(Source : La Revue des Cèdres)
Philosophe et historien versé dans l’interdisciplinarité, Marcel Gauchet livre une pensée complexe, encore en cours d’élaboration. Il s’intéresse au monde moderne dans le but de rendre compte de la spécificité des sociétés contemporaines relativement à celles qui les ont précédées.
Pour comprendre la modernité, M. Gauchet l’oppose aux sociétés dites primitives, qui ne présentent pas la division politique propre aux Etats modernes. Il met ainsi en évidence la fonction politique de la religion et la manière dont, au cours du temps, celle-ci a perdu son rôle d’élément structurant l’organisation des sociétés, que ce soit du point de vue mental, social ou matériel.
Pour M. Gauchet, les sociétés modernes occidentales, devenues expressément politiques, c’est-à-dire marquées par la division entre l’instance qui exerce le pouvoir et le corps social, sont « sorties de la religion », ce qui n’est pas synonyme de laïcisation ou de sécularisation. Cette notion de « sortie » désigne à la fois le processus et son aboutissement, qui vont de pair avec une importance croissante accordée à la fonction subjective de la religion.

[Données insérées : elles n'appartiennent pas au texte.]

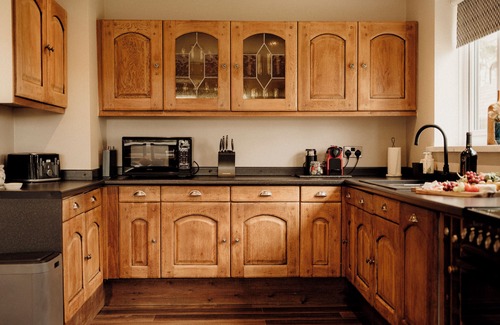 Wingate House | Nest @ Red Hurworth - hot tub with reservoir views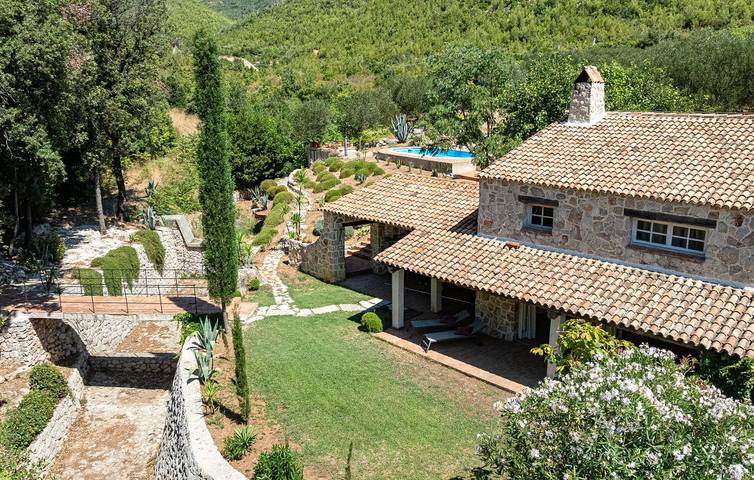 Villa für 6 Personen, mit Garten und Terrasse - 1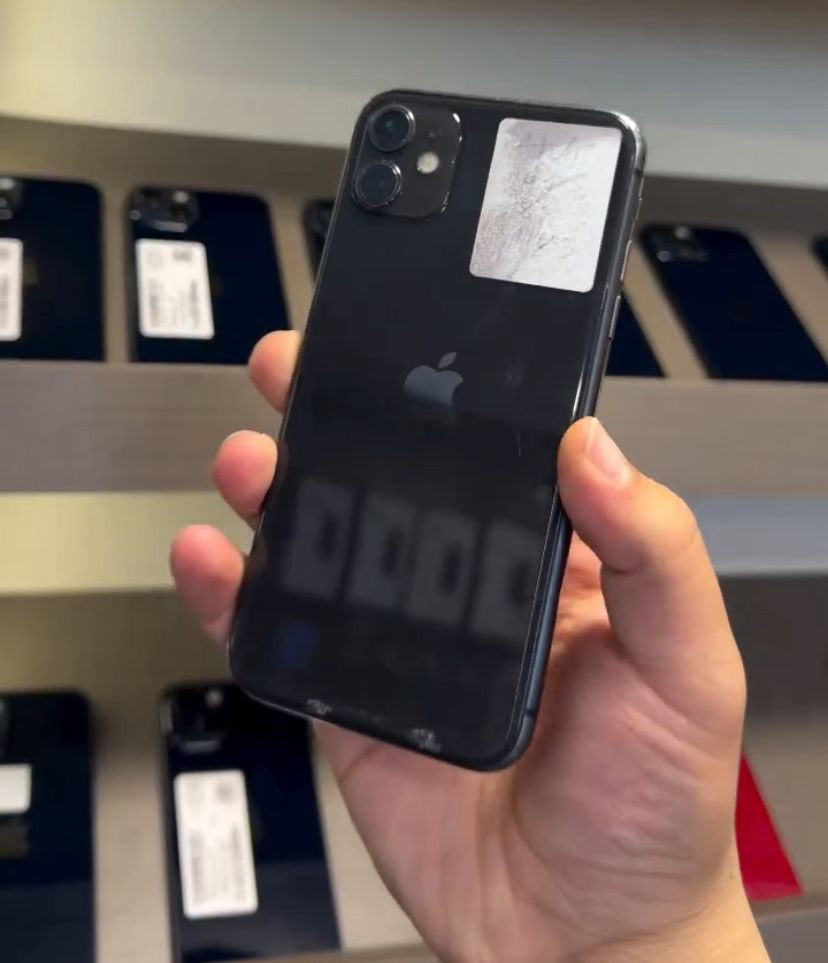 iPhone 11📱عادي
لون الاسـود 🖤
دبل خط ♻️

الجهاز  بلادي عله وضع الشركه 
فقط فطر بسيط بل ضهر 

ذاكره 64 📱

بطاريه  79🔋

نضافه 100%

السعر 🔥 160 قفل 🔒 

👈يرهم 🔄 مراوس 
مكاني رمادي تأميم 
***********
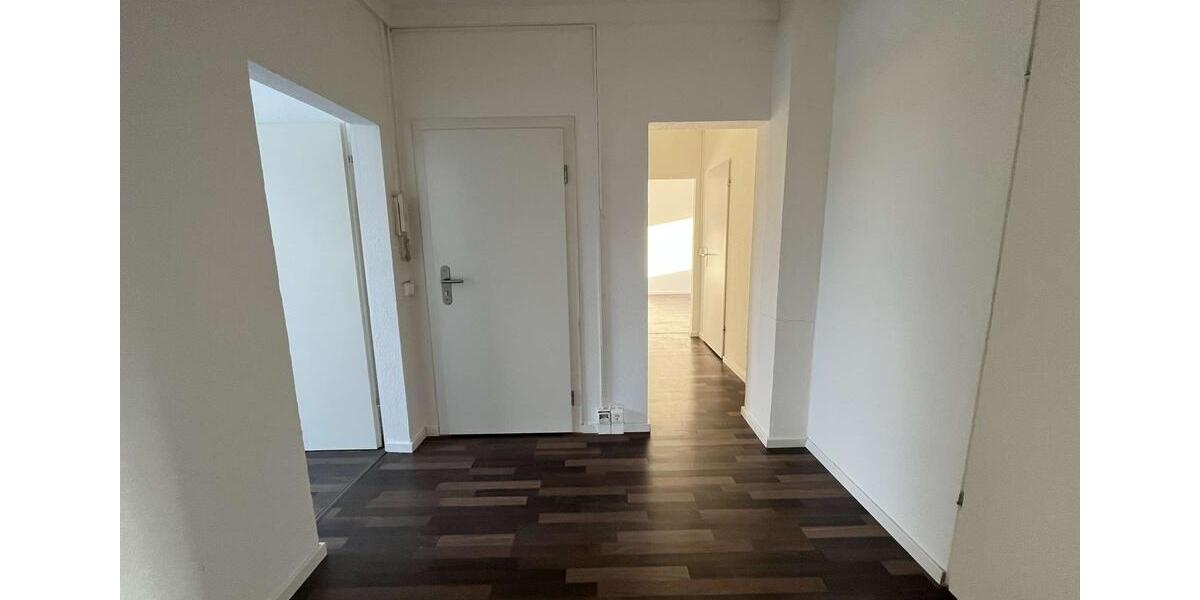Etagenwohnung Reinsdorf - 6 Zimmer, 112 m&sup2;, 680&euro; | Angebot:24535095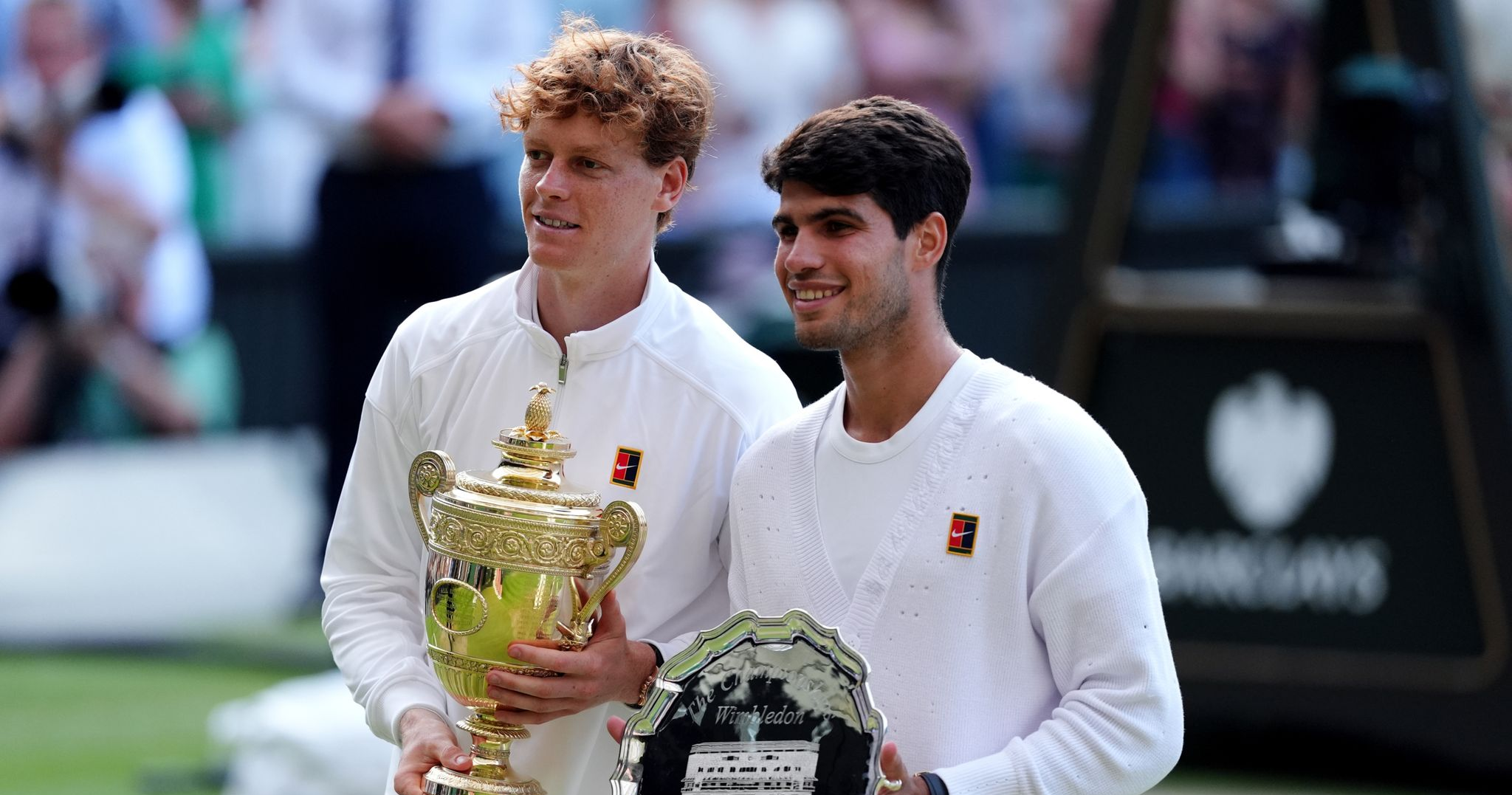 包含ATP总决赛横扫温网,西西帕斯扛起全队的词条 包含ATP总决赛横扫温网,西西帕斯扛起全队的词条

Désormais confinée à la sphère privée, la religion, dans son expression contemporaine, se caractérise par l’accent mis sur les sentiments, les expériences personnelles et les croyances susceptibles de conférer un sens aux existences individuelles. Ainsi, toute une « religiosité qui s’ignore » se manifesterait en Occident sous les formes les plus diverses d’expériences profanes, de l’usage des stupéfiants à l’ascèse sportive en passant par l’émotion esthétique.